Backing Up Virtual Machines as Physical Machines
From the user’s perspective, the virtual machine operates just like a physical machine; it has a guest operating system in isolation from other VMs. It means that backup procedures for non-virtualized loads can manage the exact VMs.
System administrators can also install a backup agent and schedule backups just as they would for a regular machine. A VMware backup solution must be simple, without any learning curve, and allow administrators to exclude non-essential applications or data to reduce the backup size.
Yet, it only protects the operating system and applications, not the VM, so there is no way to restore the entire virtualized environment directly.
The issue with the virtual machines
As virtual machines became more important, applications migrated to virtual machines.
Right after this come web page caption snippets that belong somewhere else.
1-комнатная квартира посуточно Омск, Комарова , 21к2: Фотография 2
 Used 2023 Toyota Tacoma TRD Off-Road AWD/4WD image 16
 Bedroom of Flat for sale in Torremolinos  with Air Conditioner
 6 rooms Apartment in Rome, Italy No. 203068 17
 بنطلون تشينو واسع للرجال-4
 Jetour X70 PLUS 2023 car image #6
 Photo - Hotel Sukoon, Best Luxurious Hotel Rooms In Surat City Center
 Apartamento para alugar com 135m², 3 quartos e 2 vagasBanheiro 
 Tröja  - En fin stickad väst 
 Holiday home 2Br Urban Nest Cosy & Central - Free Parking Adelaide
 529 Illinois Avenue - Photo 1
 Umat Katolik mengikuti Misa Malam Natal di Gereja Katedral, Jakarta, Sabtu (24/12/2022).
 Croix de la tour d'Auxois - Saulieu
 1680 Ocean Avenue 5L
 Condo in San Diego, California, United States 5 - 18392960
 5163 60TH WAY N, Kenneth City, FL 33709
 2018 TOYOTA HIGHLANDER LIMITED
Creating a large and tumultuous virtual machine like you treat all other virtual machines has become problematic.
The most common complaint in this area is when someone uses shallow backup access for virtualization with a busy virtualized Exchange server, and the virtual machine freezes for a few seconds. The whole dependent infrastructure becomes rash, and users start to complain.
Deep virtualization backup solves this. In the Virtual Backup, if you have thousands of virtual machines, you select a few with high conversion rates and protect those virtual machines with software that understands the applications and operating systems in the virtual machine.
Allows backup to run multiple granules without disturbing the environment or users. The side effect is that it will enable much better duplication than any other technique if you have content-conscious duplication. The storage backup administrator may be tempted to back up the physical machines’ virtual machines as regular files.
In this case, the organization would back up the VMDK to each virtual machine, a large disk file containing the configuration and data of the virtual machine. Great idea, but it might not work well. Unless the virtual machine shuts down, you can back up the data used, which will likely result in inconsistent data.
Backing up VMs
Backing up a VM image based on a hypervisor host block, ideally through a backup proxy server, is becoming the preferred way to back up virtual servers. The maturity of backup APIs in vSphere, Hyper-V, and XenServer, as well as the growing support for backup applications for these APIs combined with performance and scalability merits, are among the main reasons for its adoption.
Because most organizations operate more than one hypervisor and a mix of physical and virtual servers, multiple hypervisor support and the ability to support physical and virtual server backups are essential when choosing a virtual machine backup software.
Conclusion
The virtual machine is backed up by downloading a read-only copy of the files and operating system and storing each version for later revocation and recovery. The backups are more comprehensive and contain all the data and information needed to restore the VM, while the tape is the only copy of the data.